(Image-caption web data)

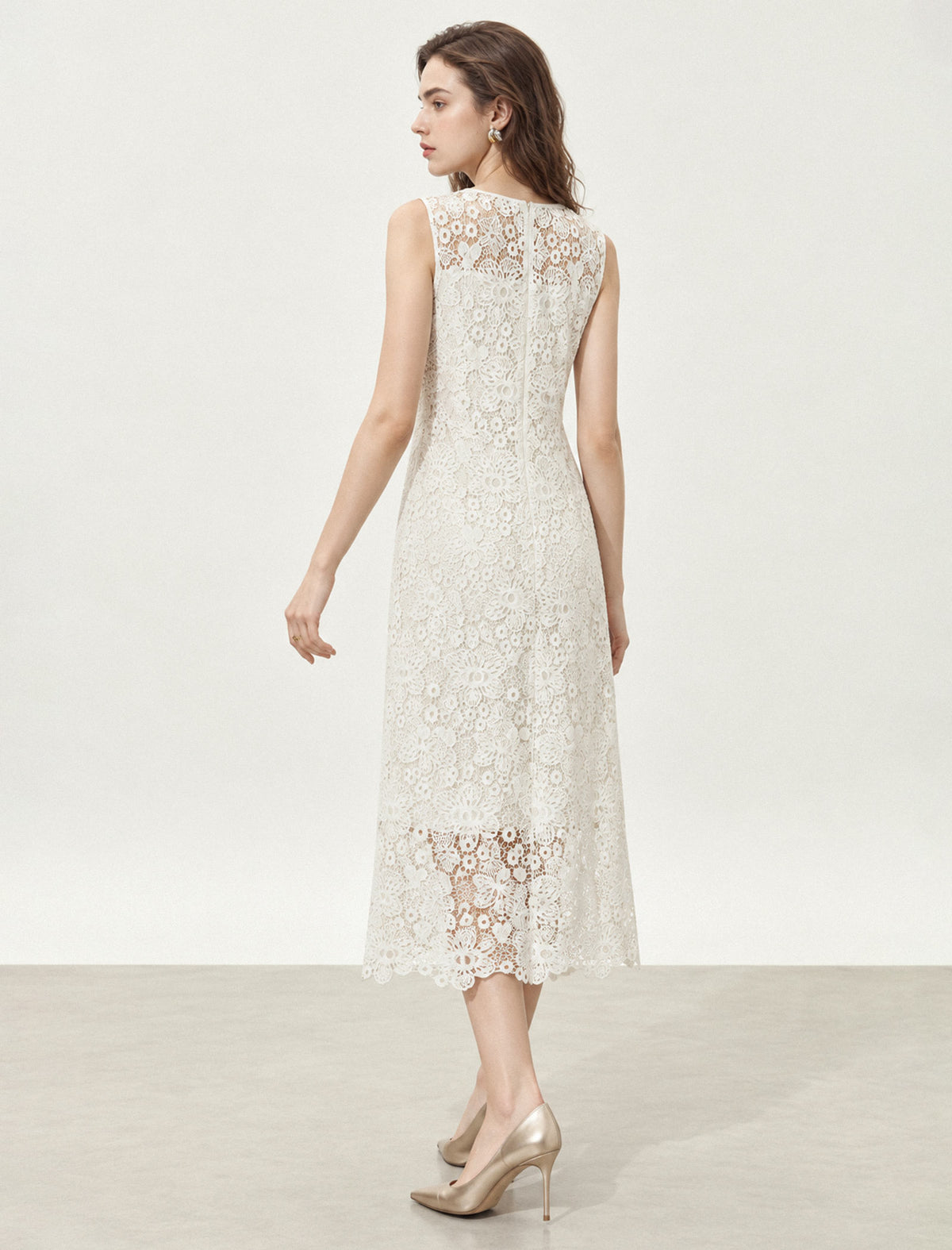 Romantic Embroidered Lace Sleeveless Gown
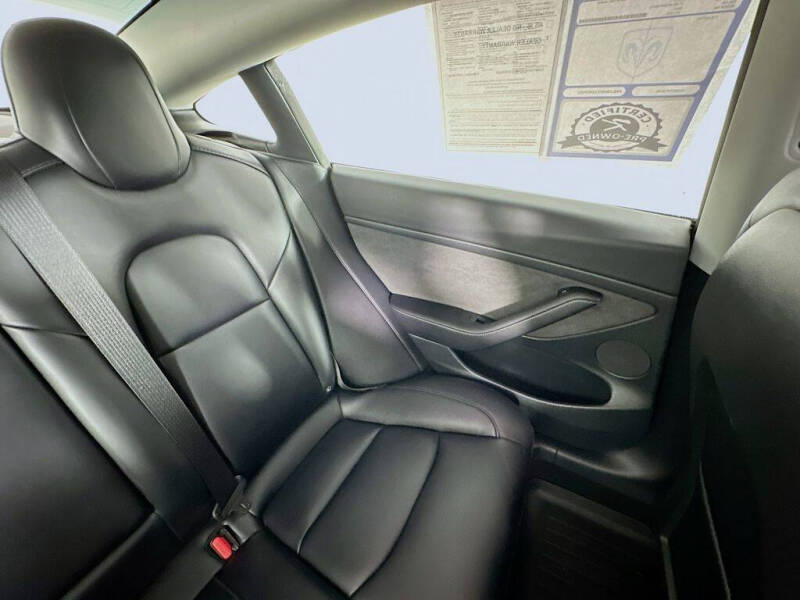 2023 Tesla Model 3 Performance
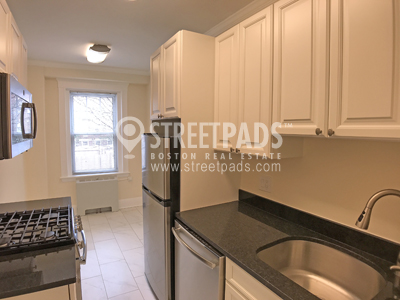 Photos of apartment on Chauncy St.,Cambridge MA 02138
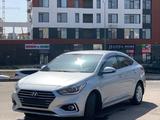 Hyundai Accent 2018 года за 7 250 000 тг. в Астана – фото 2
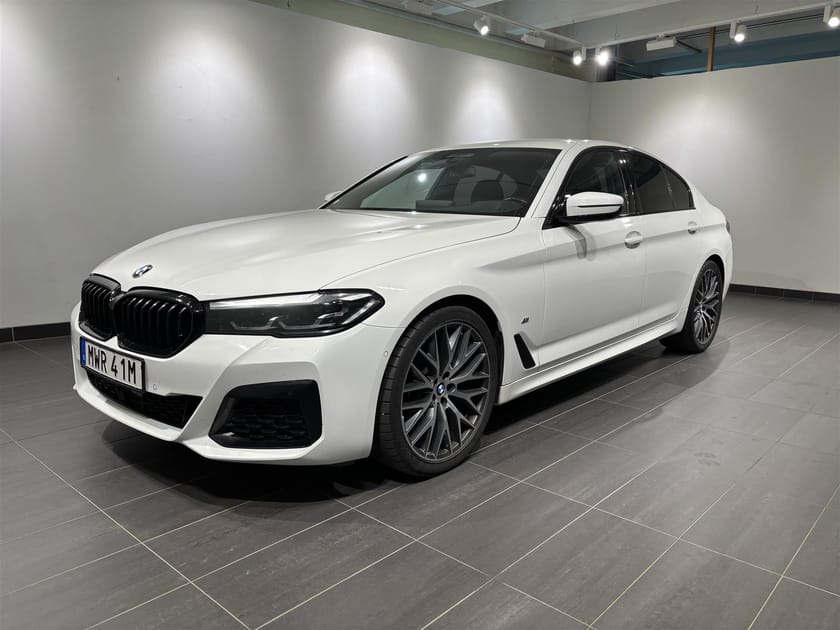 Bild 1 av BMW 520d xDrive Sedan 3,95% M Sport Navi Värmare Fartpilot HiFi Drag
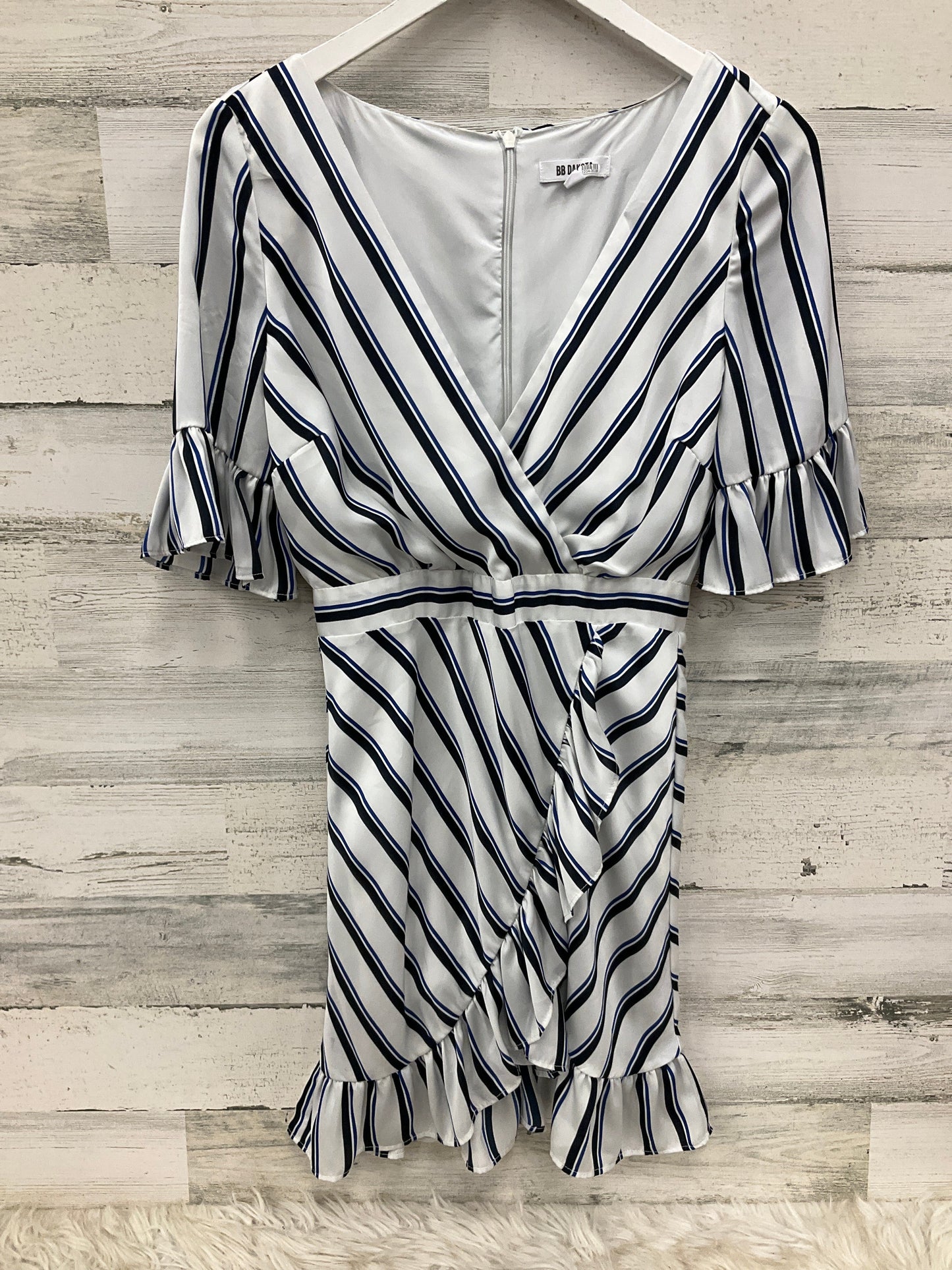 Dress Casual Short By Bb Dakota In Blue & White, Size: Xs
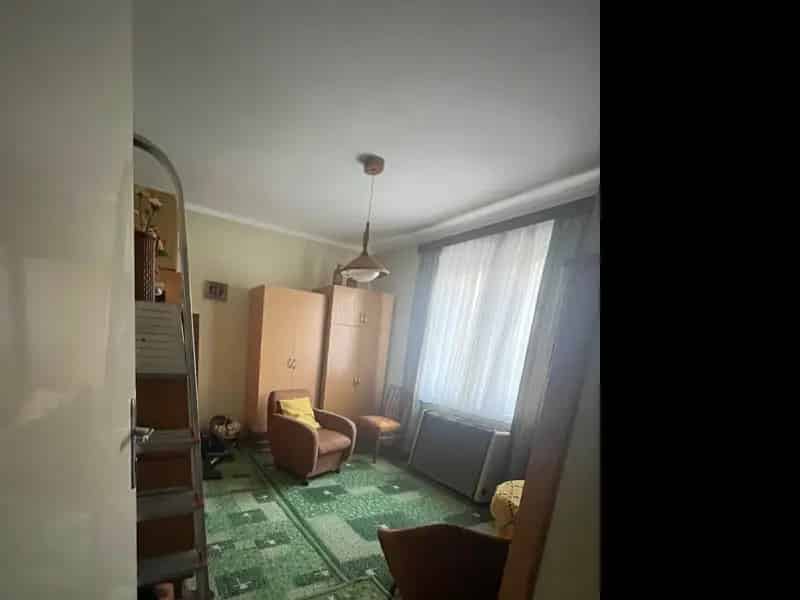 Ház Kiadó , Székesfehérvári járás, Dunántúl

◆ **The problem**: Set down the lines from the one containing "Photos of apartment" through the last line of the records above, both included, exactly as they appear and with no other text. Pictures should not be set down.

◆ **Completed exercise**:
 Photos of apartment on Chauncy St.,Cambridge MA 02138
 Hyundai Accent 2018 года за 7 250 000 тг. в Астана – фото 2
 Bild 1 av BMW 520d xDrive Sedan 3,95% M Sport Navi Värmare Fartpilot HiFi Drag
 Dress Casual Short By Bb Dakota In Blue & White, Size: Xs
 Ház Kiadó , Székesfehérvári járás, Dunántúl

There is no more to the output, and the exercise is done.